◆ Problem to work on:
The stretch from the line with "Зубная щетка Oral-B. Новая" through the line with "Elegant White &amp; Lilac Saree" in the records below: write it out exactly, and nothing else.

◆ Source material:
---------------

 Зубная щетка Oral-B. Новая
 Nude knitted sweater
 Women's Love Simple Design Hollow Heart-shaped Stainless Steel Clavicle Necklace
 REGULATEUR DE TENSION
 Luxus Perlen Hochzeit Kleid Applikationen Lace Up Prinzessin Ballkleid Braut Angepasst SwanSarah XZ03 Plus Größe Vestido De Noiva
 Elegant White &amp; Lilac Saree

---------------

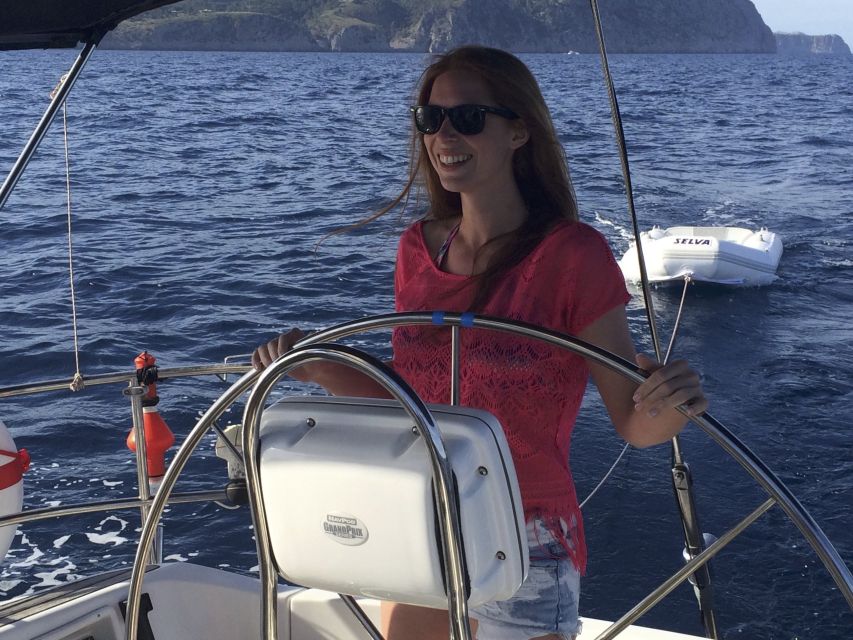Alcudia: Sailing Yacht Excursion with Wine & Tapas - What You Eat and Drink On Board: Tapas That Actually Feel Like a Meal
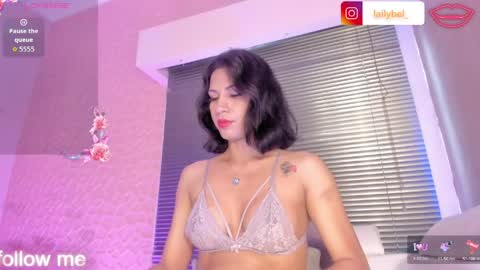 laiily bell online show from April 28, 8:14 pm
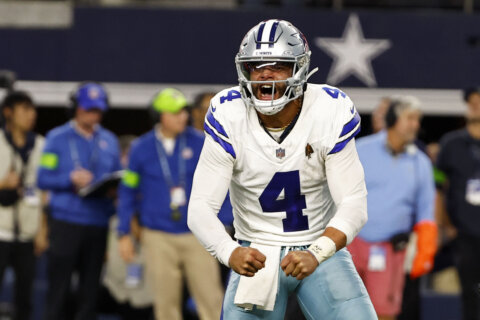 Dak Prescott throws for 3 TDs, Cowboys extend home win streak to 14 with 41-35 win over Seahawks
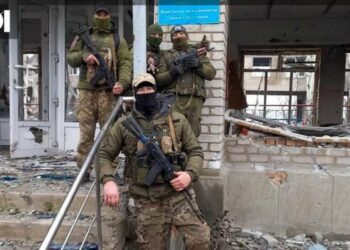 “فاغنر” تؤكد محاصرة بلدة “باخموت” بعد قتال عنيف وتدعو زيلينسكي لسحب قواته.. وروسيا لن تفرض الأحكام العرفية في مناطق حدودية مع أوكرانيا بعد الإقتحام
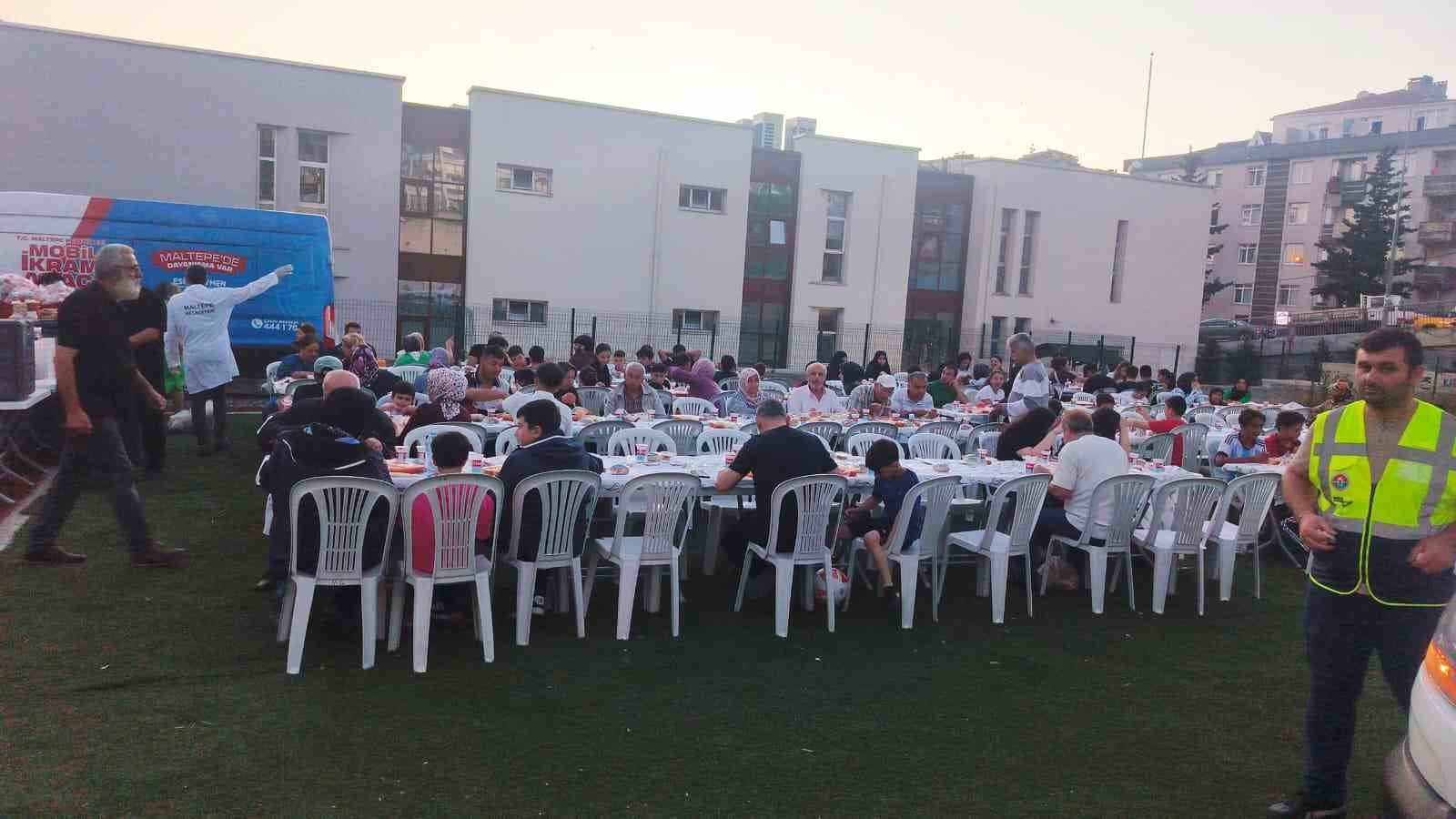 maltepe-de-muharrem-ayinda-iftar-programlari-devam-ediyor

---------------

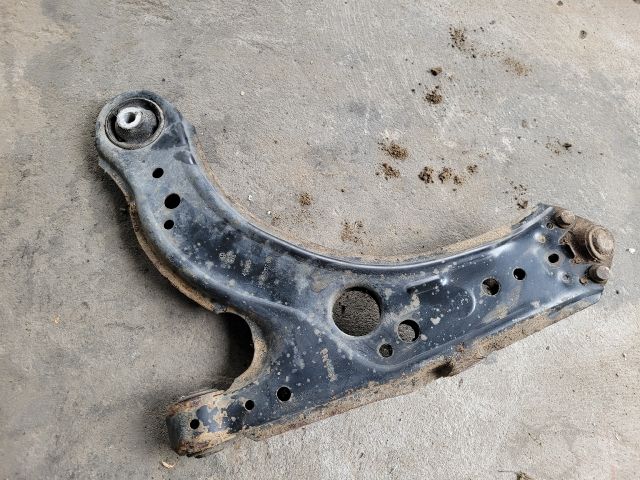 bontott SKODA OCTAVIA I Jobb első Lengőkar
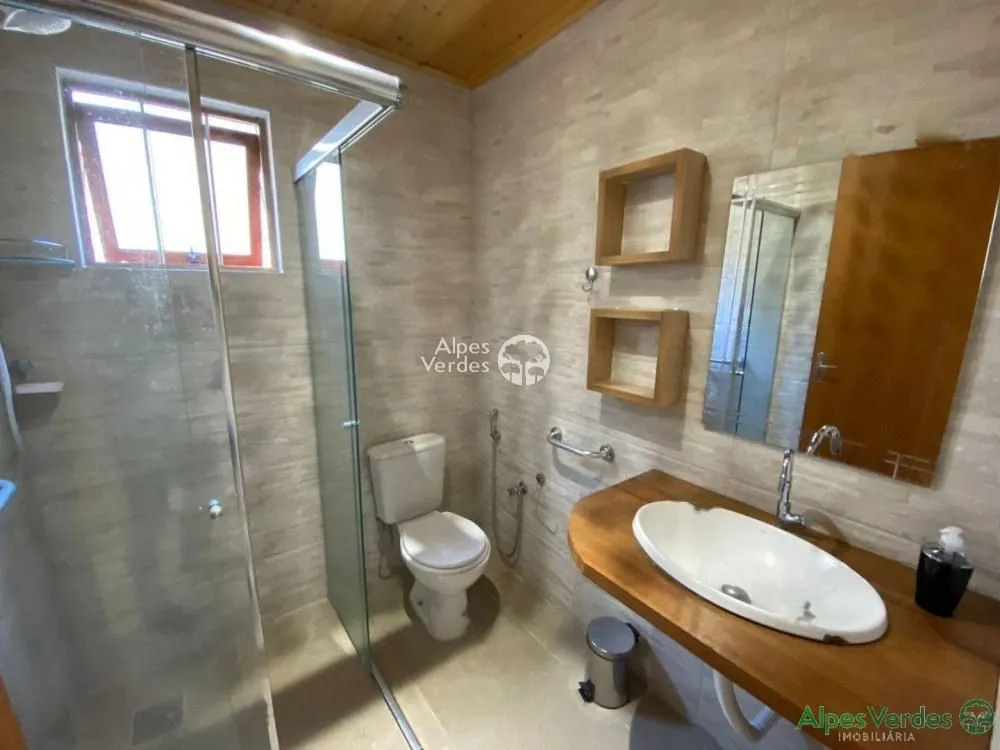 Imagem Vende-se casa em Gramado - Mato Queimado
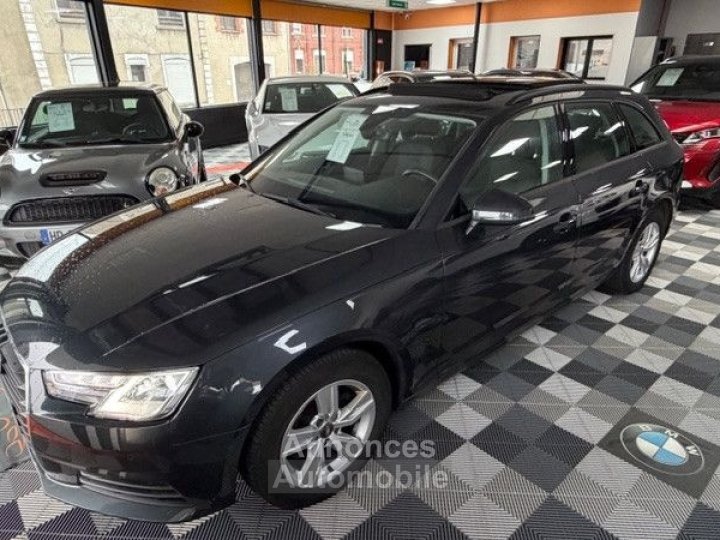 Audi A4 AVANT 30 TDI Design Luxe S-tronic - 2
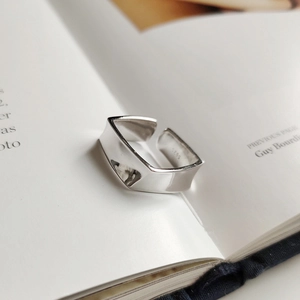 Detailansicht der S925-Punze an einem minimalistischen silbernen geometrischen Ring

---------------

◆ Exercise response:
 Зубная щетка Oral-B. Новая
 Nude knitted sweater
 Women's Love Simple Design Hollow Heart-shaped Stainless Steel Clavicle Necklace
 REGULATEUR DE TENSION
 Luxus Perlen Hochzeit Kleid Applikationen Lace Up Prinzessin Ballkleid Braut Angepasst SwanSarah XZ03 Plus Größe Vestido De Noiva
 Elegant White &amp; Lilac Saree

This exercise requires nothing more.